**Data under study**

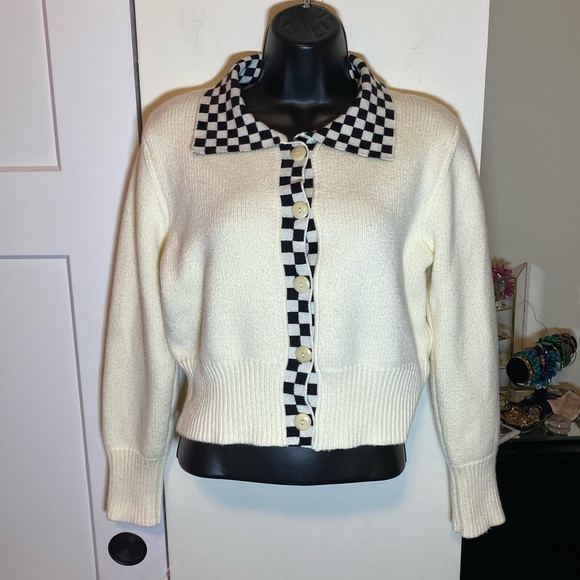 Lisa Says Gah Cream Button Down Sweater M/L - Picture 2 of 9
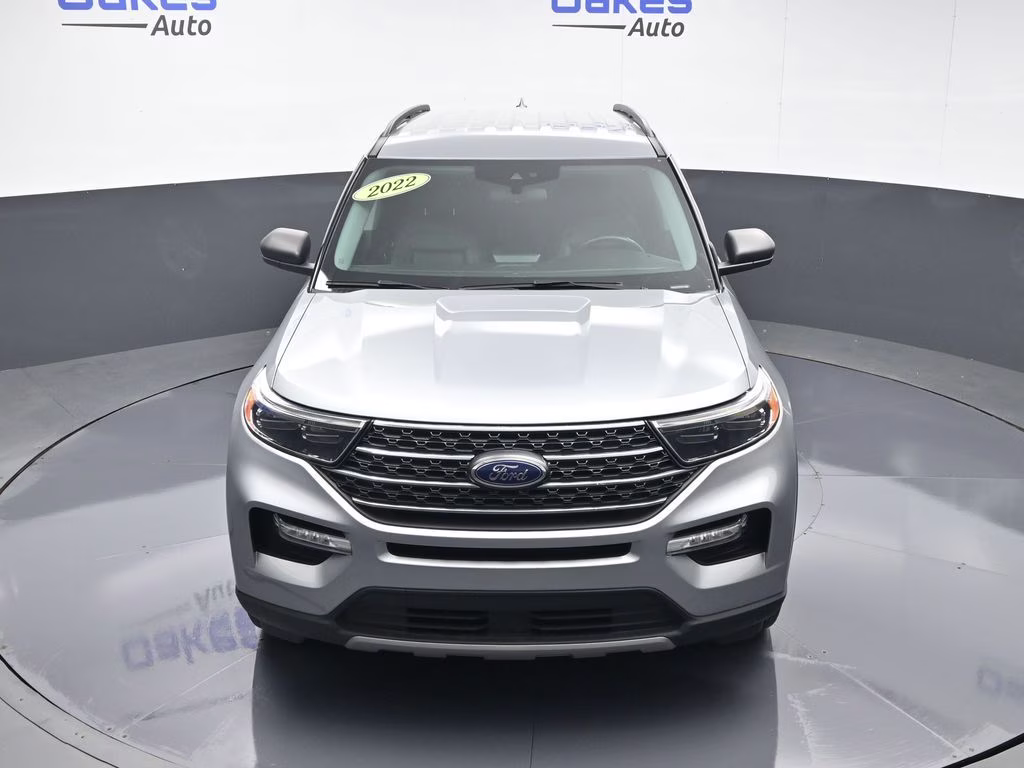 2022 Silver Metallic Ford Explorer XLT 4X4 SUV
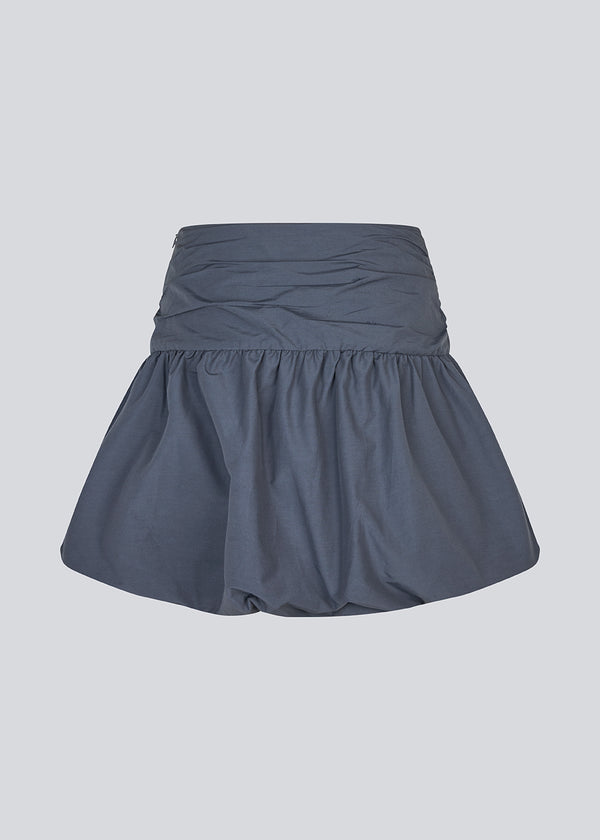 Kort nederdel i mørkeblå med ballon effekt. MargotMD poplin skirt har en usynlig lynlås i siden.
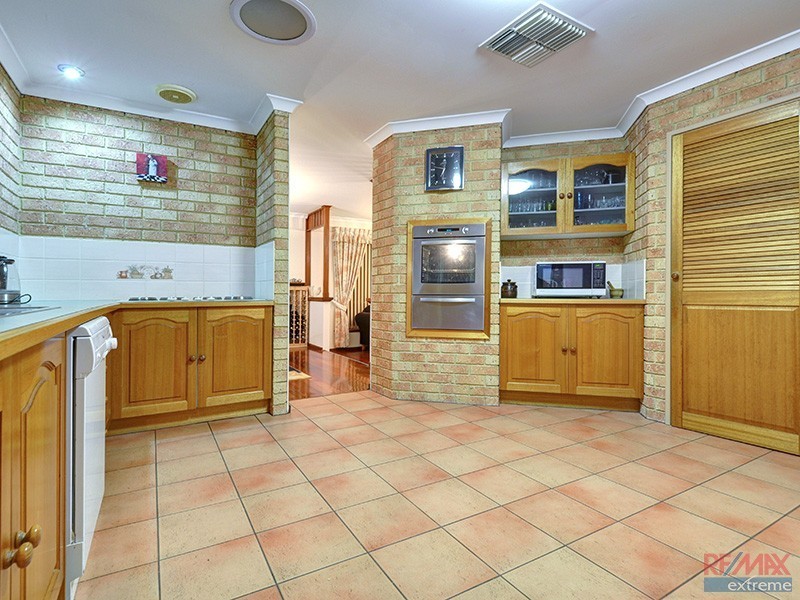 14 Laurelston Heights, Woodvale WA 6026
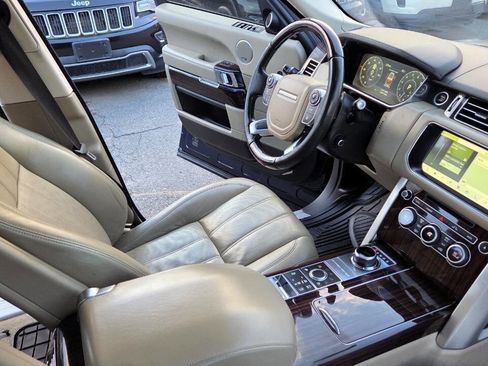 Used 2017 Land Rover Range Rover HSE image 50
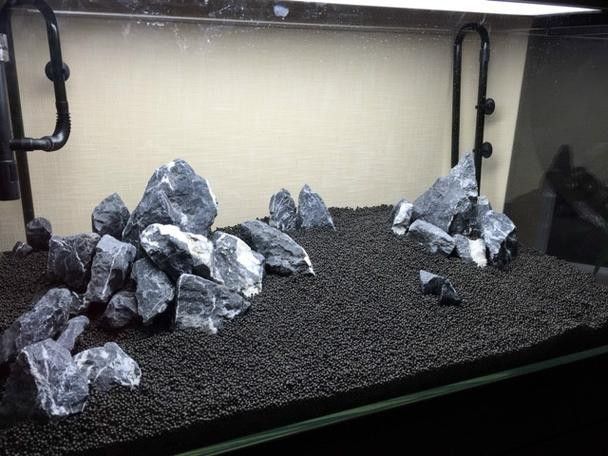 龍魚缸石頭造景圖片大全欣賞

**Task requirements**
Leave out the pictures and repeat the remaining data exactly.

**Answer to this problem**
 Lisa Says Gah Cream Button Down Sweater M/L - Picture 2 of 9
 2022 Silver Metallic Ford Explorer XLT 4X4 SUV
 Kort nederdel i mørkeblå med ballon effekt. MargotMD poplin skirt har en usynlig lynlås i siden.
 14 Laurelston Heights, Woodvale WA 6026
 Used 2017 Land Rover Range Rover HSE image 50
 龍魚缸石頭造景圖片大全欣賞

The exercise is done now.